Timothy asintió. Lo entendía. Desde que habían instalado el sistema de copias de seguridad automatizado, el disco duro de todos los ordenadores de Osiris se copiaba cada noche y los datos se almacenaban en un disco óptico. Una vez a la semana, el Chico cogía el disco y se lo llevaba a casa para tenerlo a salvo. Si se produjera un incendio o un terremoto, una posibilidad más que factible en el norte de California, y el edificio del Banco de América desapareciera, Osiris podría volver a empezar. A menos, claro, que todos los que trabajaban en la empresa murieran en la tragedia. Lo que era el menor problema del sistema de copia de seguridad que había diseñado Tran, aunque también era el mayor.
—Si lo entiende —dijo Ho—, entonces podrá apreciar lo que estoy a punto de explicarle. Es muy sencillo. Usted —señaló la frente de Timothy—, su mente, su cerebro, sus recuerdos, su personalidad… usted —agitó las manos frente al pecho de Timothy—, es un programa informático.
Hizo una pausa. Lo miró para comprobar si entendía las implicaciones de aquella afirmación. La cara de Timothy permanecía impasible.
—Bueno, un programa informático exactamente, no. No es idéntico. Los ordenadores son binarios, por supuesto, a base de unos y ceros, se encienden y se apagan. Eso fue una decisión arbitraria de los primeros diseñadores informáticos, un artefacto de la tecnología de los transistores de los años cuarenta. Pero no hay ningún motivo por el que los ordenadores deban ser binarios. De hecho, podemos diseñar un ordenador perfectamente bueno, que sea mucho más rápido y que, de paso, use escalas móviles, y no sólo encendido y apagado, sino muy encendido o ligeramente encendido o algo apagado. Así es como funciona su cerebro, señor Van Bender. El ritmo de neuronas que se mueven es como una escala móvil. Muy deprisa significa una cosa, y muy despacio significa otra.

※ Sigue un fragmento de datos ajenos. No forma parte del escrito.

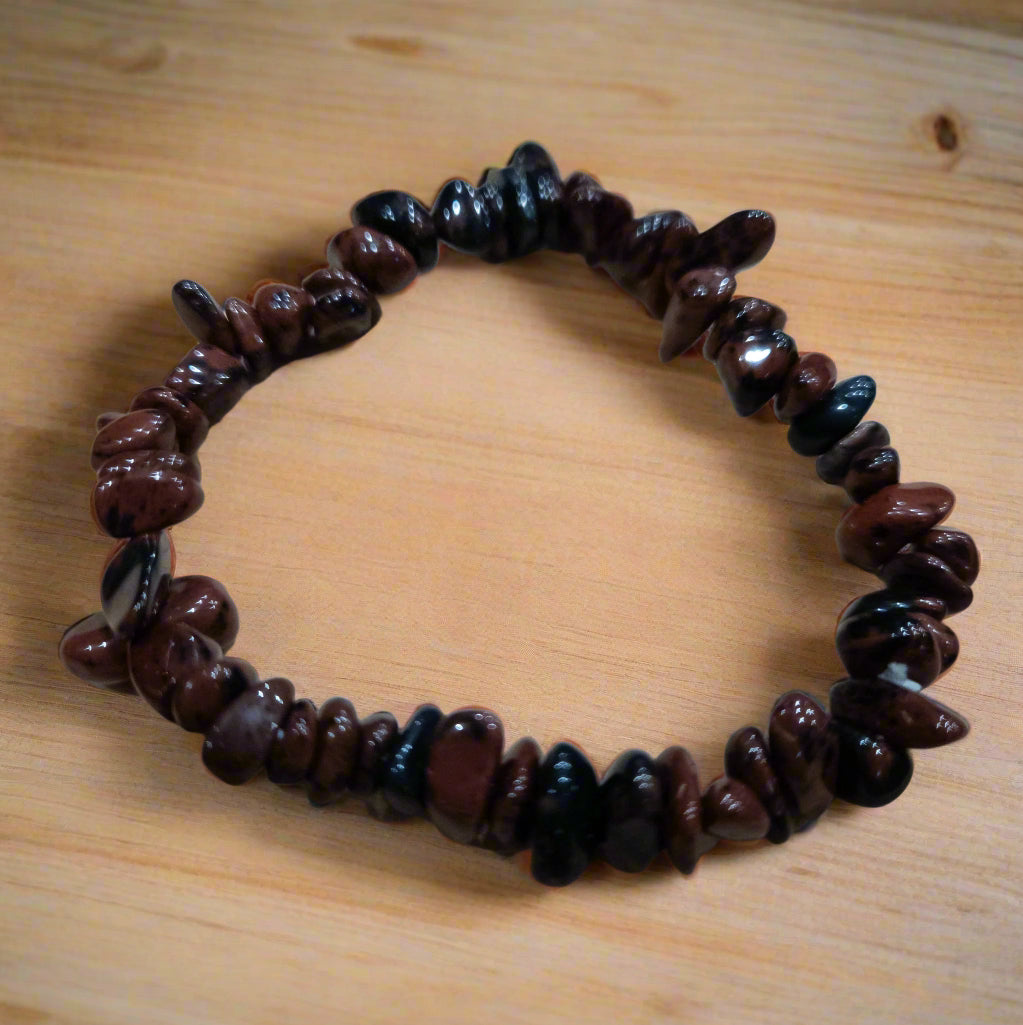 Mahogany Obsidian Stone Beaded Stretchy Bracelet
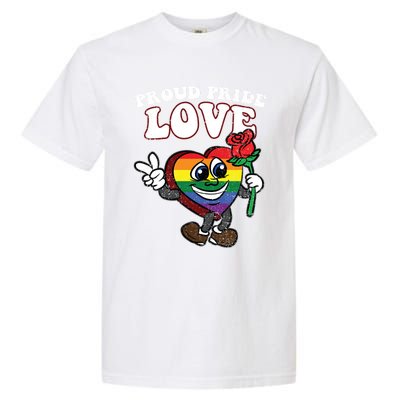 Pride Proud Love Gay Heart Lgbtq Rainbow Flag Funny Gift Garment-Dyed Heavyweight T-Shirt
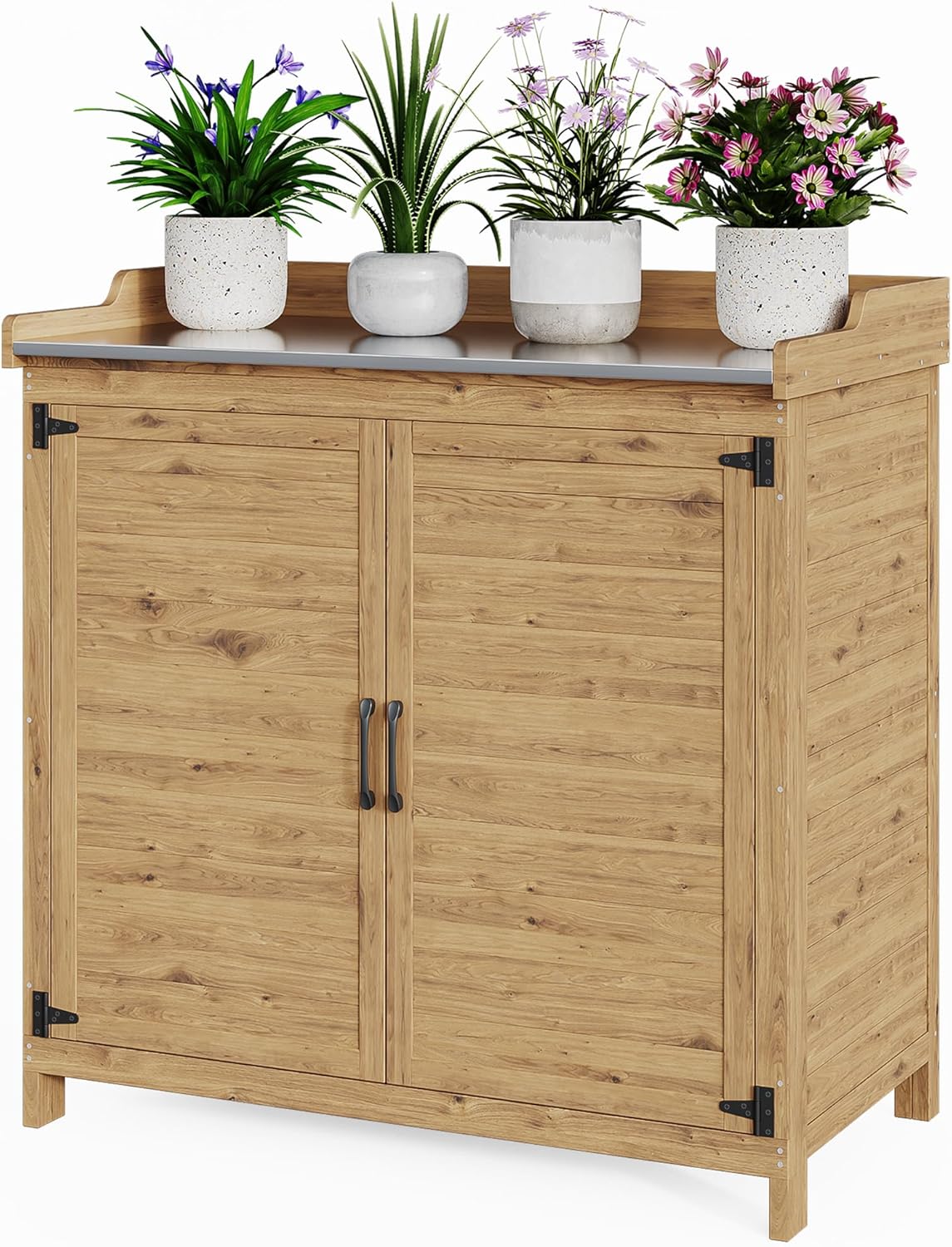 Armoire de Rangement de Jardin avec Plan de Travail, Table de Rempotage Extérieur et Intérieur en Bois avec Étagère Amovible, Idéal pour Outils et Plantes (Naturel, 98 x 48 x 95 cm) Naturel 98 x 48 x 95 cm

Timothy estaba a punto de interrumpirlo, de dar por zanjada la conversación como si se tratara de un trabajador de un banco, de decirle lo fascinante que era todo aquello, pero que tenía que irse y perfeccionar su último hobby: emborracharse solo en casa. Ho debió darse cuenta, debió percibir que estaba perdiendo a su público, de modo que dio la campanada, allí mismo. Más tarde, Timothy pensó que el doctor Ho era realmente bueno en las tomas de contacto.
—Lo que intento decirle —explicó por fin— es que hice una copia de seguridad de su mujer.